The central story involves Anastasia, the daughter of Czar Nicholas, whose family is executed during the 1917 revolution. Anastasia escapes (in reality she was also murdered, but there were rumors for years that she was spared), but has amnesia and ends up an orphan. Eventually she learns that she is actually a princess, so that’s kind of happy, except that she also learns her family was murdered. Anyway, it is a decent story and has some historical elements to it. The villain in the movie is Rasputin who has magical powers and sells his soul to take revenge on Anastasia’s family (actually he was murdered about a year before the czar’s family). For most of the movie he is undead, and rotting, with appendages falling off. This is a kid’s movie? It is played for laughs, but it is pretty gruesome. His sidekick is an albino bat named Bartok, played by Hank Azaria who does so many great voices on The Simpsons, but whose nasally Russian-ish voice here is like fingernails on a chalkboard for me. He’s supposed to be a source of comic relief, but he’s not really that funny, a pale imitation of Gilbert Gottfried’s Iago in Aladdin. And since we rarely see his wings, he looks more like a mouse than a bat. Anyway, Rasputin is bent on killing Anastasia and fulfilling the curse he put on the Romanovs. I don’t think the rotting flesh Rasputin really works and we kind of know that they’re not going to let this beautiful riches to rags to riches princess get killed. So I don’t think the fundamental conflict works and maybe they could have fleshed out more of the story of the princess trying to prove her identity, though I don’t know if there is enough material there to sustain the movie.
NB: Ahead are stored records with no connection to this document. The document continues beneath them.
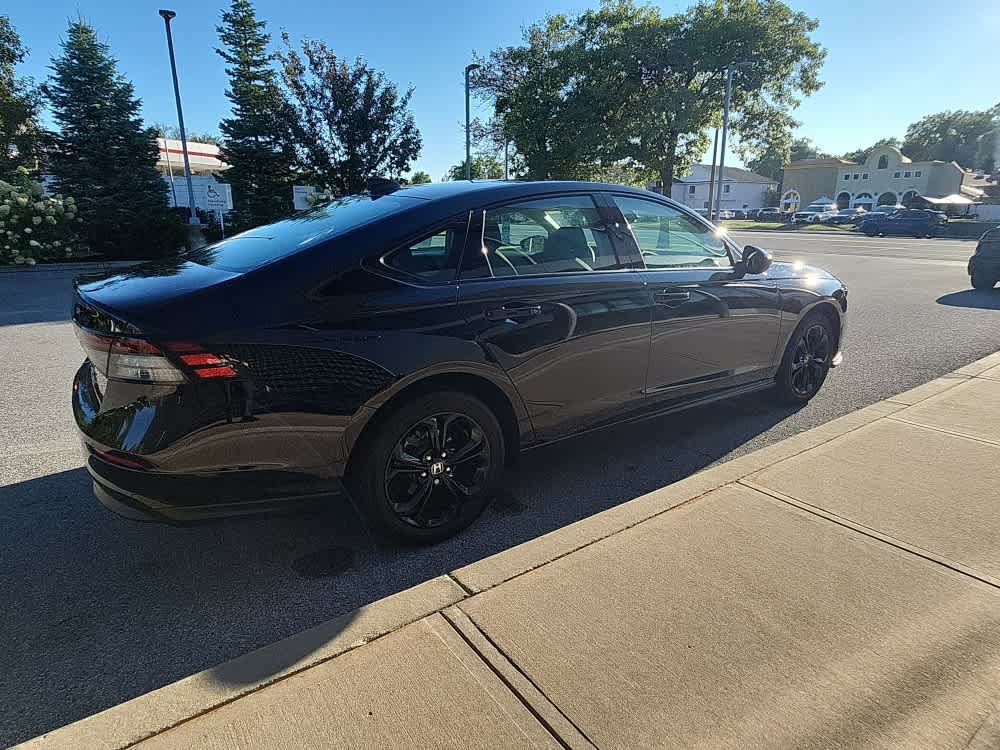 Used 2025 Honda Accord SE image 10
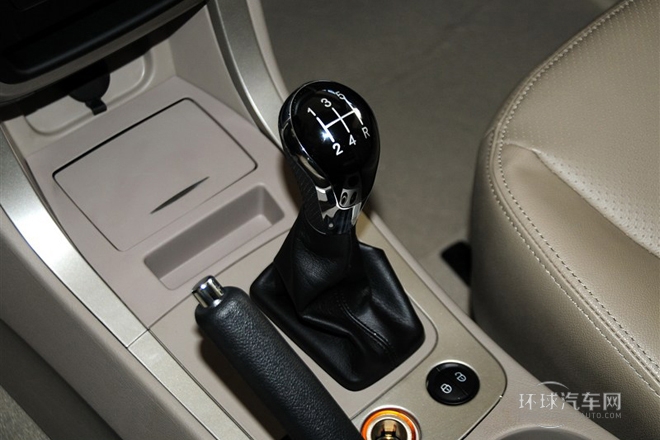 2013款 1.8L 手動進(jìn)取型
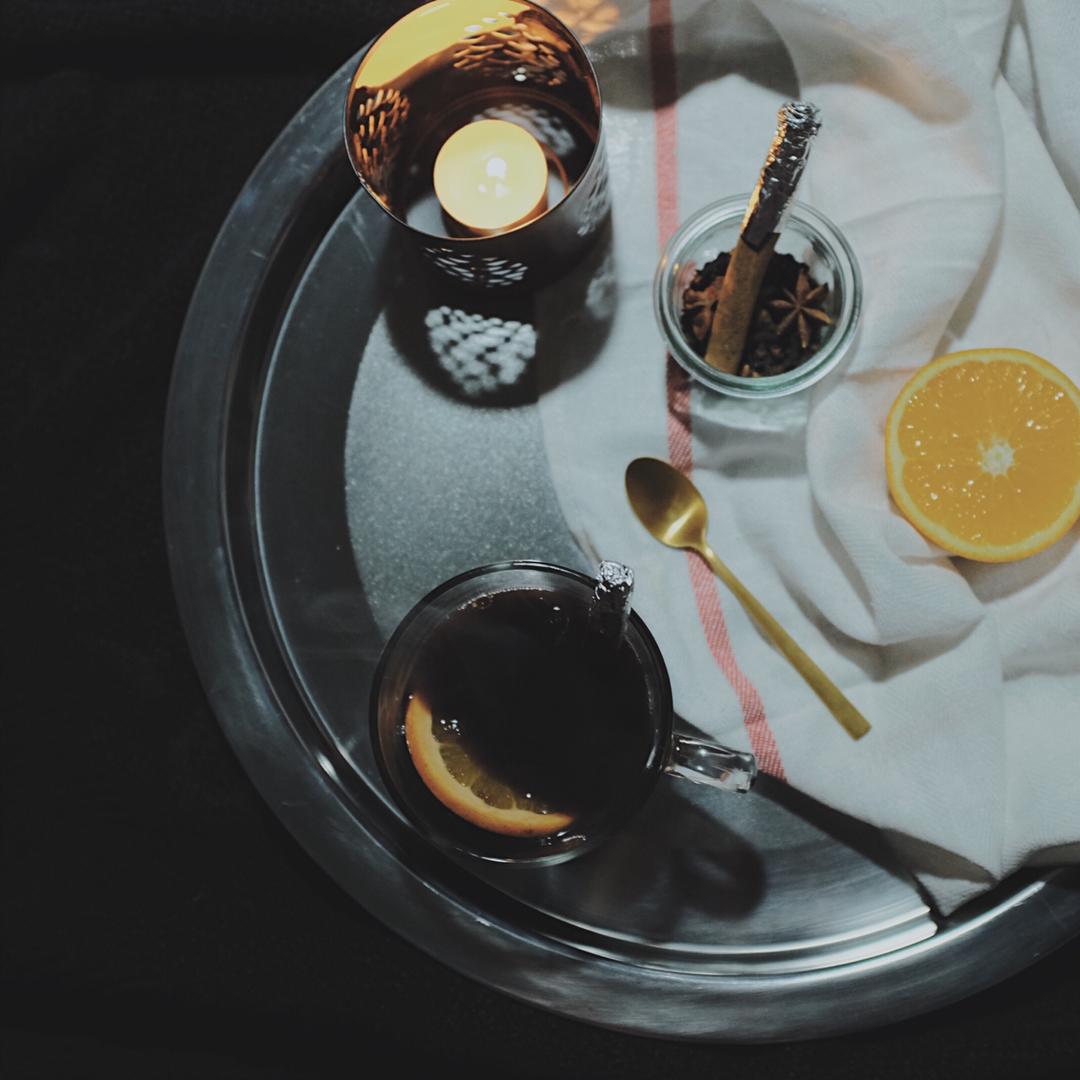 传统瑞典热Glögg酒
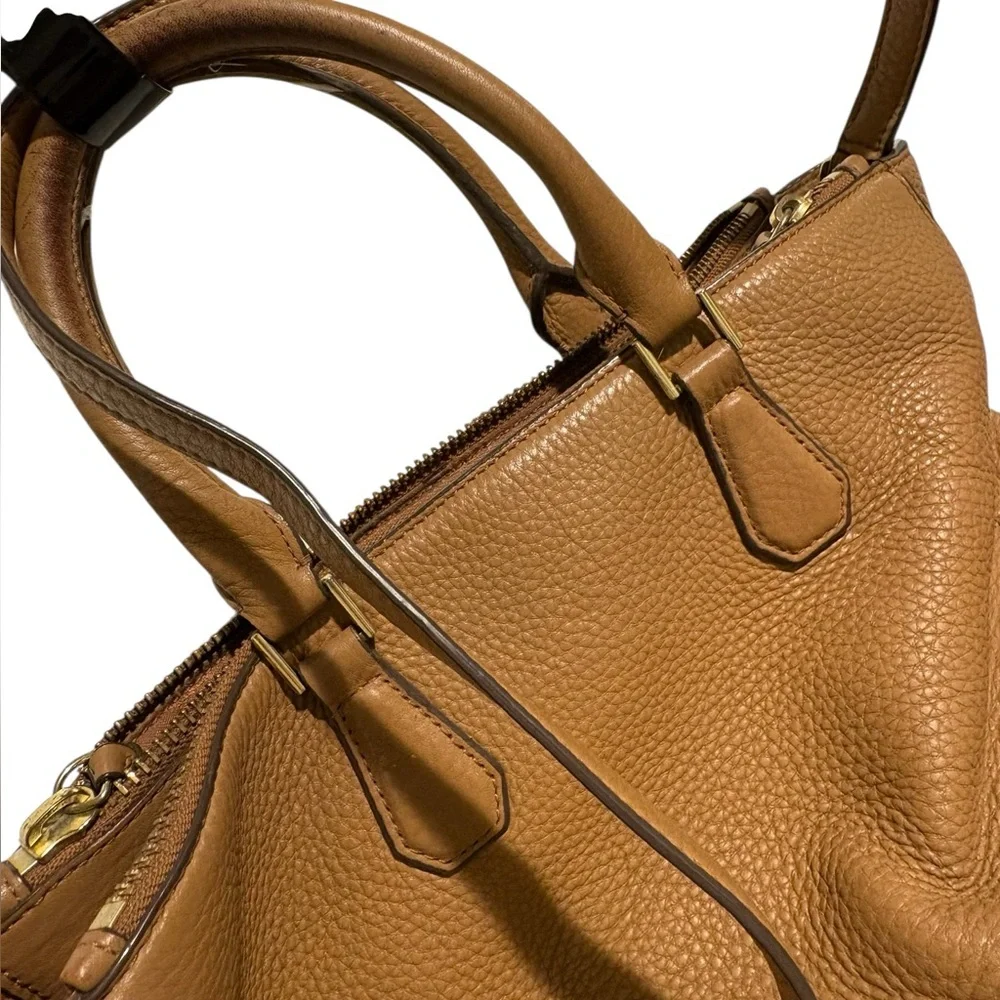 TORY BURCH Robinson Pebbled Leather Tote Bag Satchel Tan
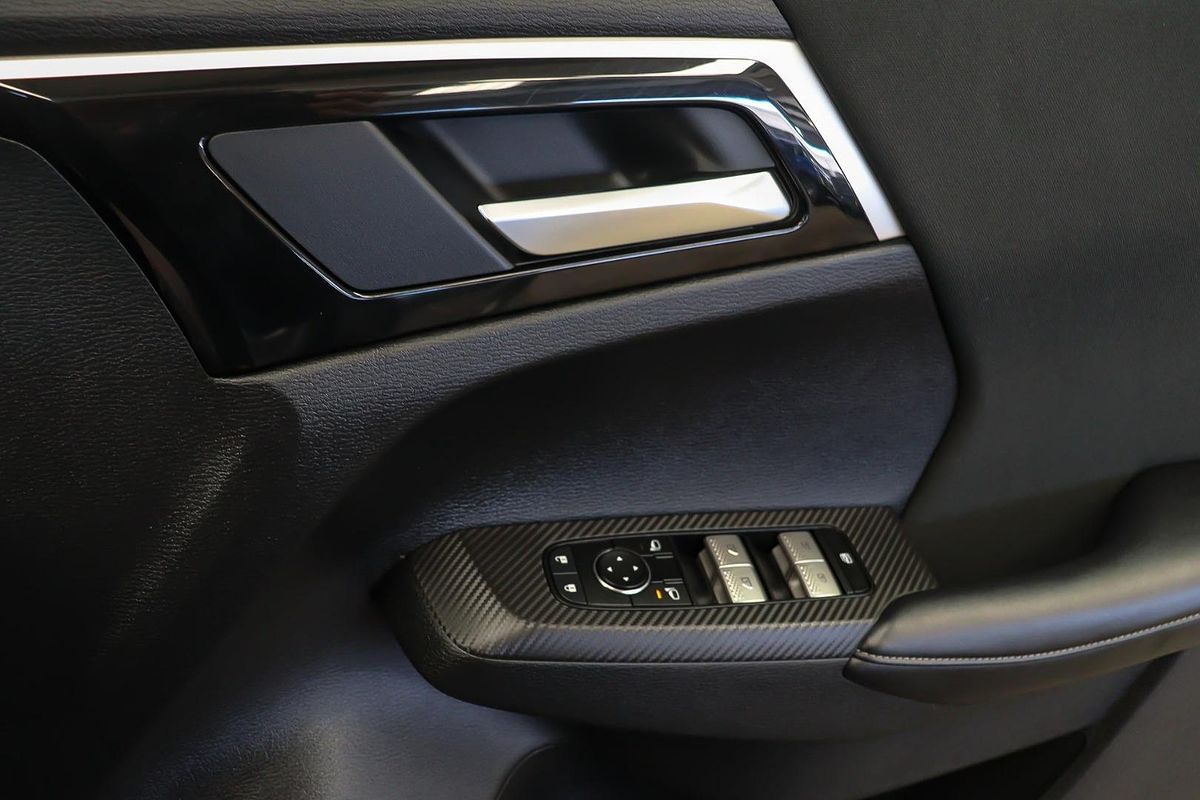 2024 Mitsubishi Outlander ES ZM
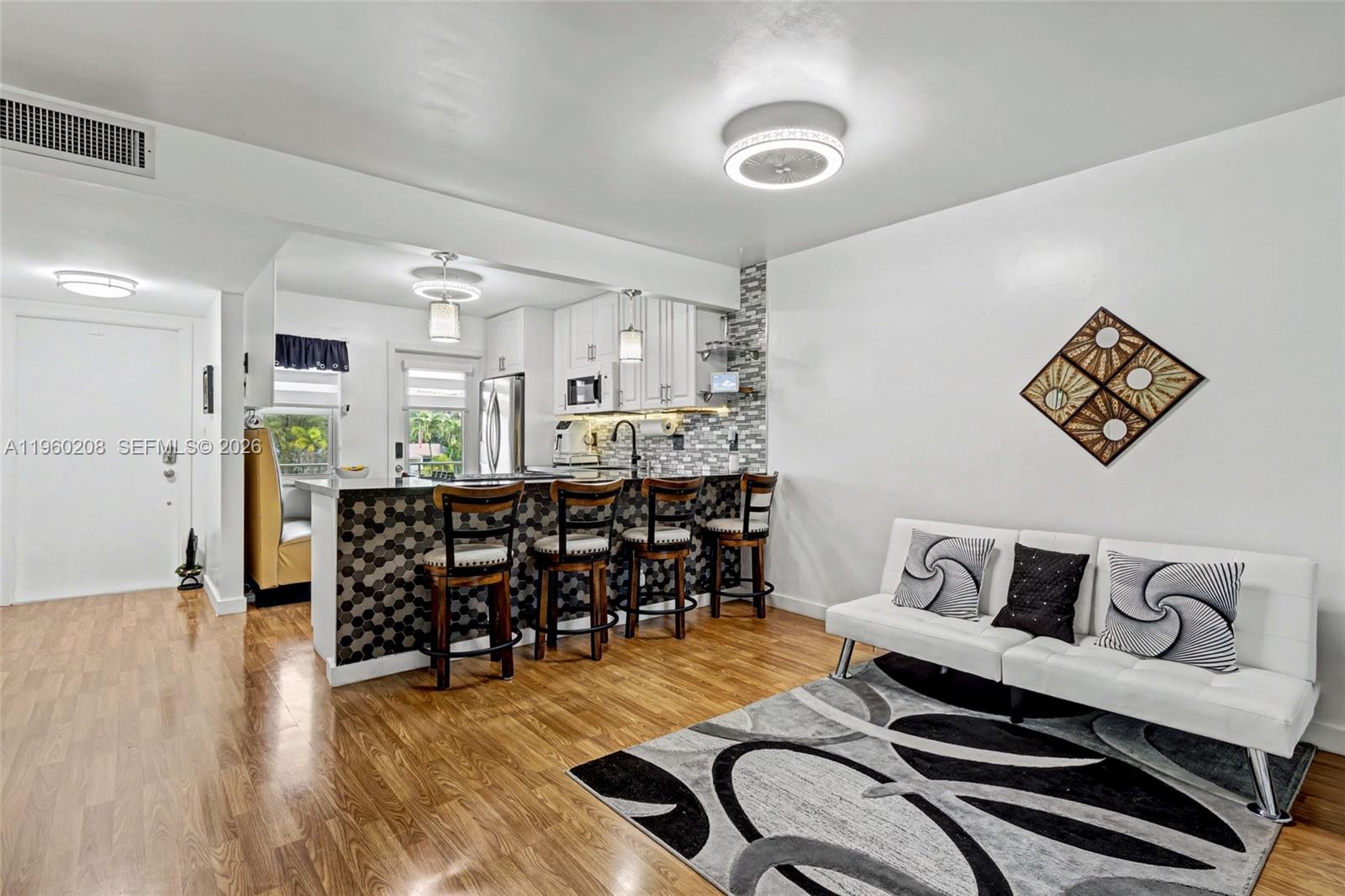 HILLCREST COUNTRY CLUB AP - Residential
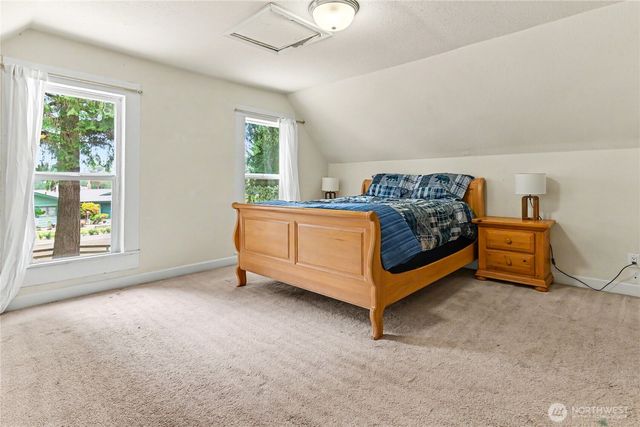 10443 SW 184th Avenue, Rochester, WA 98579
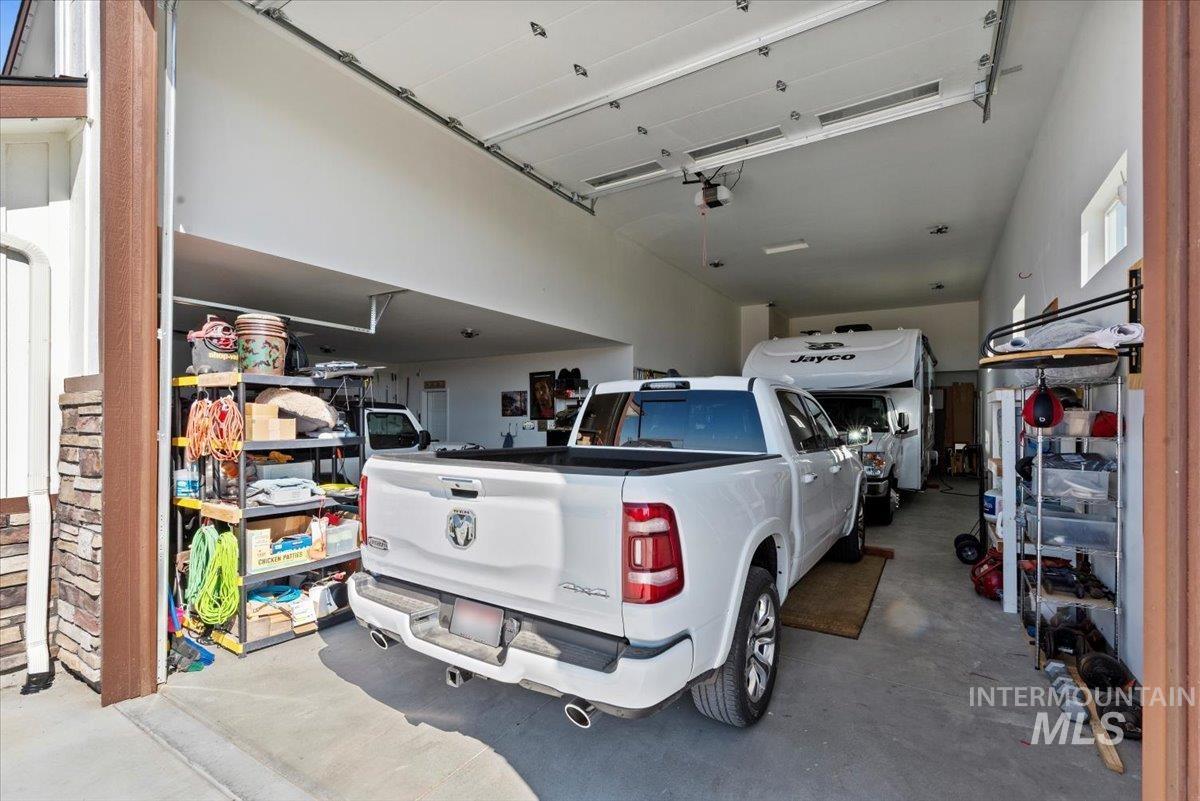 16834 Long Meadow Dr, Caldwell, Idaho 83607, 4 Bedrooms, 3.5 Bathrooms, Residential For Sale, Price $1,225,000,MLS 98964627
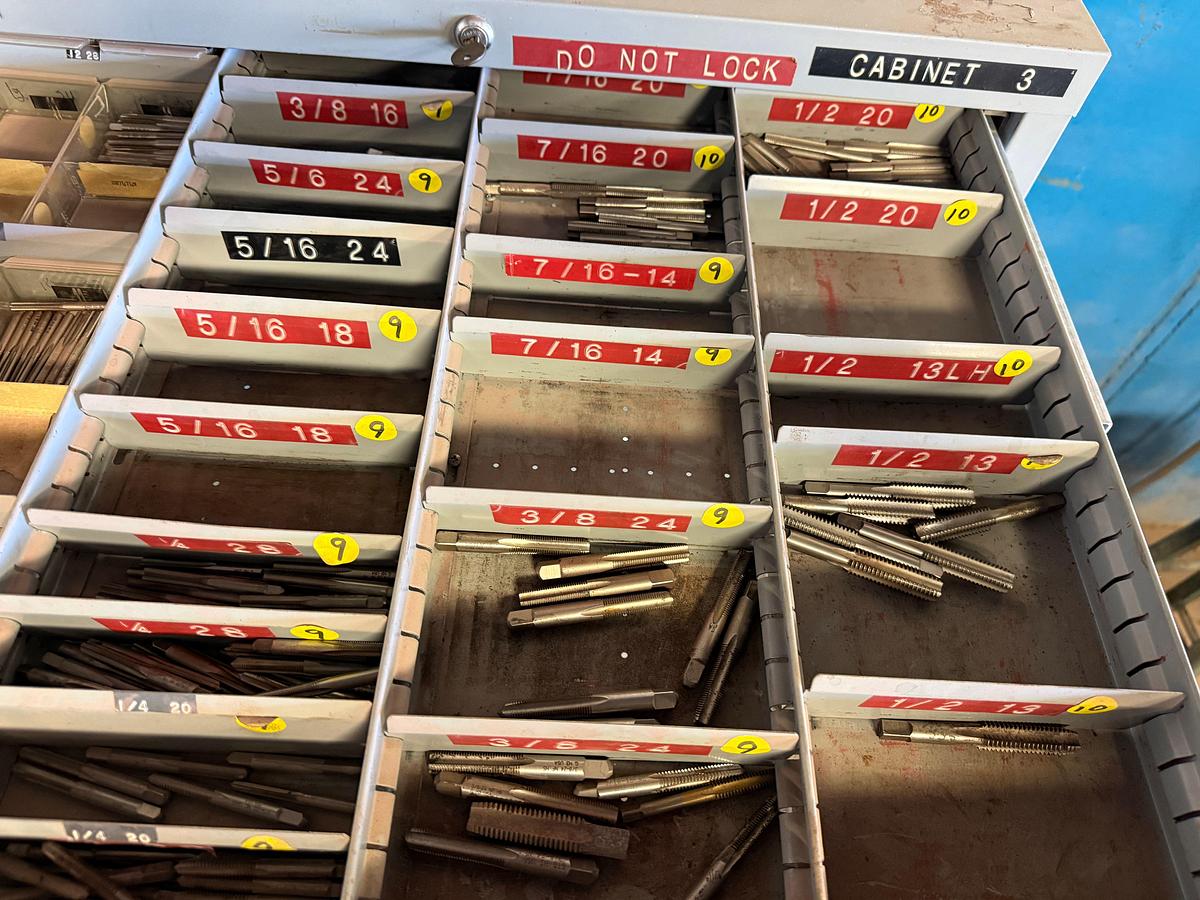 Used LYON MSS II 10-DRAWER ROLLING TOOL BOX W/ MACHINE SHOP TOOLS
The music seems decent. Twenty years later, you haven’t heard of these songs, but one of the songs as well as the score were nominated for Oscars. I think my problem with the movie is that, similar to Disney’s Hunchback of Notre Dame around that same time, is the movie didn’t need to be animated. Except for a dog and Bartok, the entire cast are people. Rasputin needed some animation and there are a lot of special effects with spirits, but it just isn’t that much fun watching a cartoon about people. And of course the very dark historical material puts a burden on the movie even though it plays out a little more like a fairy tale. This movie is probably better left forgotten, though I think it is a good example of animation from that time period between traditional animation and computer animation. I can’t give this more than a B-.